Obwohl die Stimmung beim Grossteil des Publikums abkühlte, gab es doch immer noch einigen Sonnenschein auf den umliegenden Bergen – und auf den Gesichtern einzelner Zuschauer. So zog zum Beispiel der Zuger Brandschutzspezialist Walter Oeschger zufrieden an seiner grossen Zigarre und beobachtete die Flüge der Springer. «Wir haben hier ein Ferienhaus und gehen jedes Jahr ans Springen», sagte er lächelnd.
Etwas ernüchtert war dagegen der Simon-Ammann-Fan Felice Pastorino. Er war extra aus Steffisburg im Berner Oberland angereist, um seinen Liebling im Einsatz zu sehen. Neben der Skijacke und dem Käppi, die er letztes Jahr vom zweimaligen Doppel-Olympiasieger geschenkt bekommen hatte, trug er eine Simi-Fahne bei sich. Zum Konterfei des Idols hatte er mit wasserfestem Filzstift geschrieben: «Bester Schweizer Skispringer aller Zeiten.»
Für den 74-jährigen Pensionär Pastorino bleibt Ammann trotz der gestrigen Enttäuschung ein Idol zum Anfassen: «Simon fasziniert mich wegen seiner Persönlichkeit. Er ist offen und immer zugänglich.» Und ausserdem bleibt die Hoffnung für das zweite Springen von heute. Pastorino reist wieder an. Wie zigtausend andere Zuschauer auch.
1. springen dw. Während die Schweizer mit Simon Ammann (21.) und Gregor Deschwanden (30.) für das schlechteste Ergebnis in Engelberg seit 2012 sorgten, konnten sich zwei andere Nationen über hervorragende Leistungen ihrer Athleten freuen. Das Brüderpaar Peter (23) und Domen Prevc (16) feierte einen Doppelsieg für Slowenien. Der immer noch topfitte Japaner Noriaki Kasai (43) sprang im zweiten Durchgang mit einem 134-Meter-Satz von Platz 12 auf 3.

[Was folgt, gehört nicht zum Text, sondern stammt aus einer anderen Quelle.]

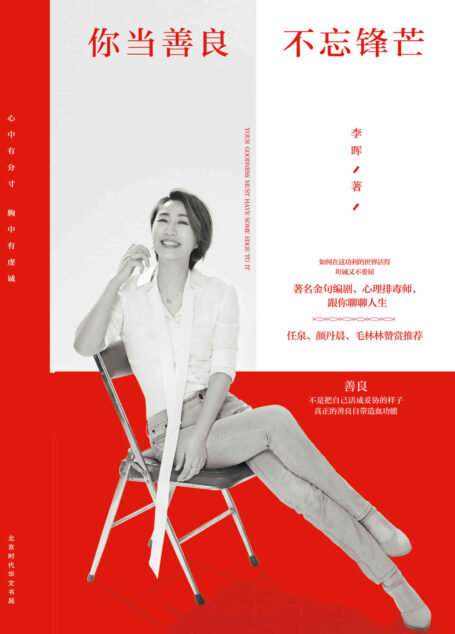 你当善良,不忘锋芒(无论世界多强硬,把善心放在大胆里,依然保持一些棱角,且战且行。该动脑子的时候动脑子,该讲感情的时候讲感情)
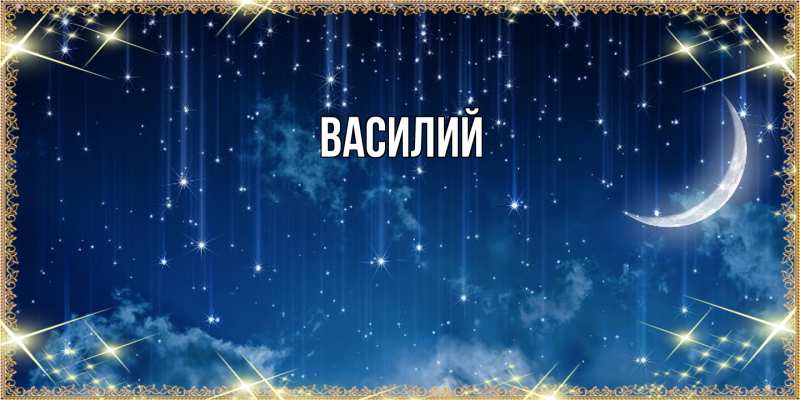 Картинка  с именем , Василий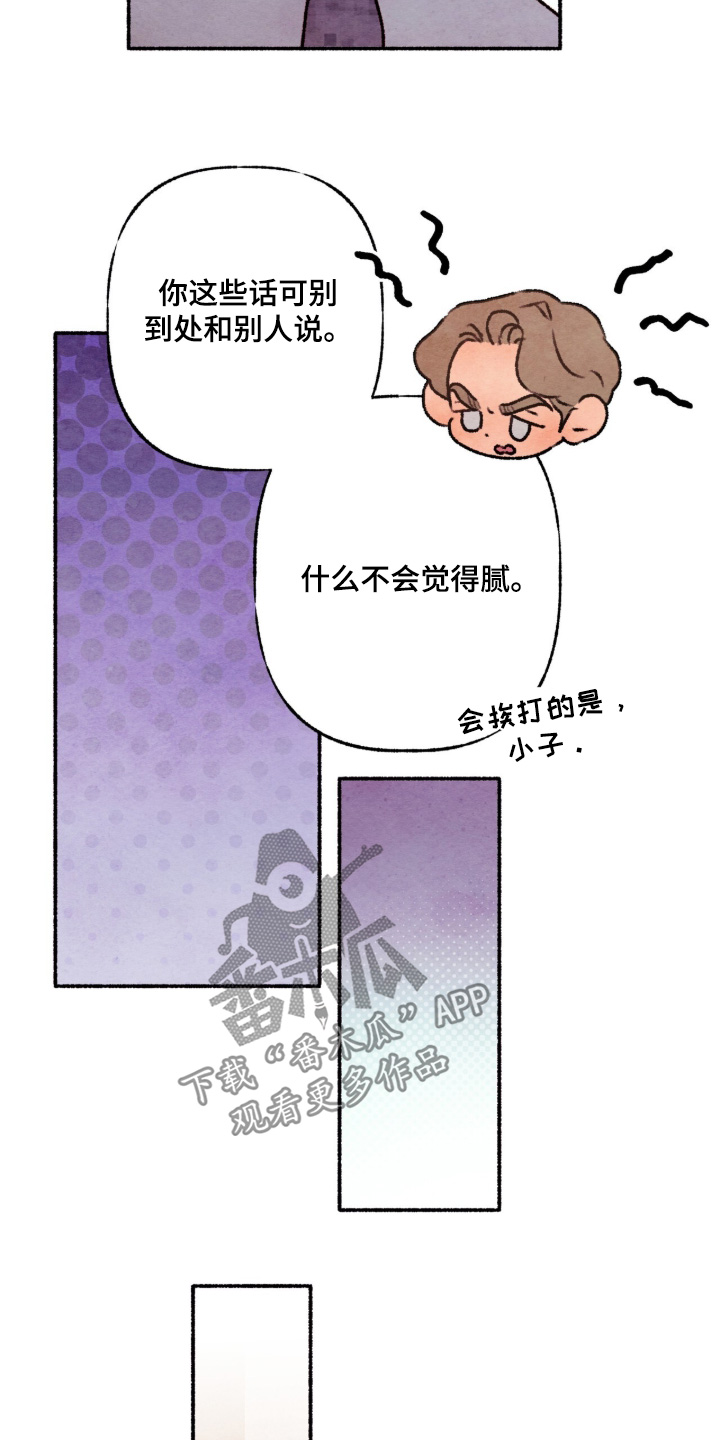 枕边絮语四十八手漫画,第36章：保持距离3图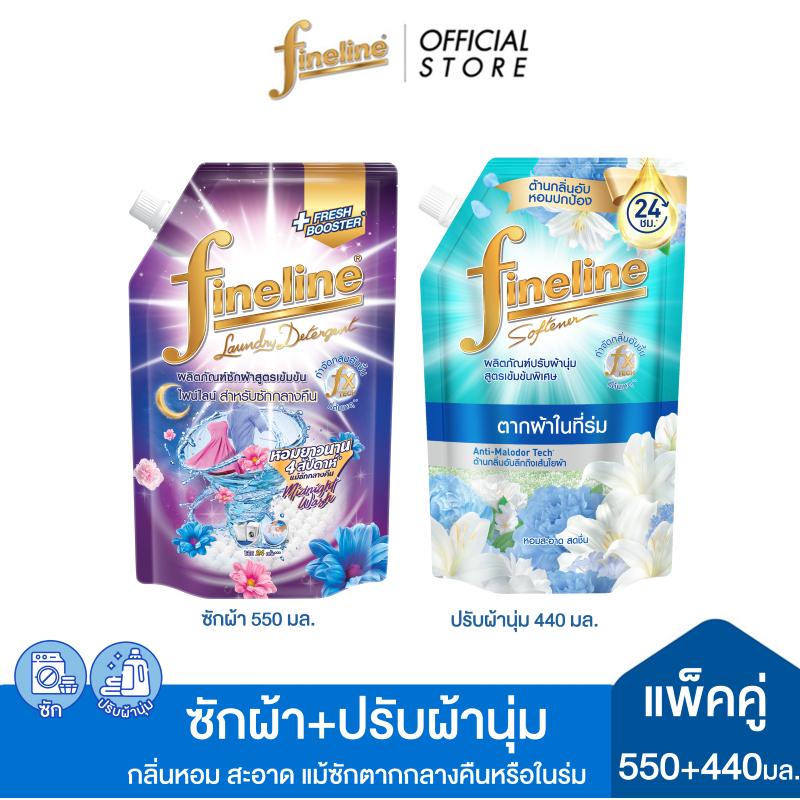[ซัก+ปรับผ้านุ่ม]ไฟน์ไลน์ซักผ้า สูตรเข้มข้นซักกลางคืน 550มล.+  ปรับผ้านุ่มสูตรเข้มข้นพิเศษ พลัส สูตรตากในร่ม 440 มล. – โปรปัง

Eine Klasse für sich war aber Peter Prevc. Vor allem mit seinem ersten Sprung auf 139,5 Meter deklassierte er den Rest des Feldes. Dabei fehlten ihm nur 2,5 Meter zum Schanzenrekord von Sigurd Pettersen aus Norwegen im Jahr 2008 (142 Meter).
Der ältere der beiden Prevc-Brüder baute damit seine Führung im Weltcup auf Severin Freund (27) aus. Der deutsche Weltmeister und letztjährige Gesamtsieger wurde lediglich Achter.
Die besondere Geschichte am ersten der beiden Springen in Engelberg schrieben aber der älteste und der jüngste Teilnehmer. Als Noriaki Kasai 1999 zum ersten und bis gestern einzigen Mal auf das Podest der Titlis-Schanze sprang, war Domen Prevc gerade mal ein halbes Jahr alt. 16 Jahre später ist er hinter seinem Bruder erstmals auf ein Weltcup-Podium gesprungen – und Kasai schaffte es als 43-Jähriger auch unter die ersten drei.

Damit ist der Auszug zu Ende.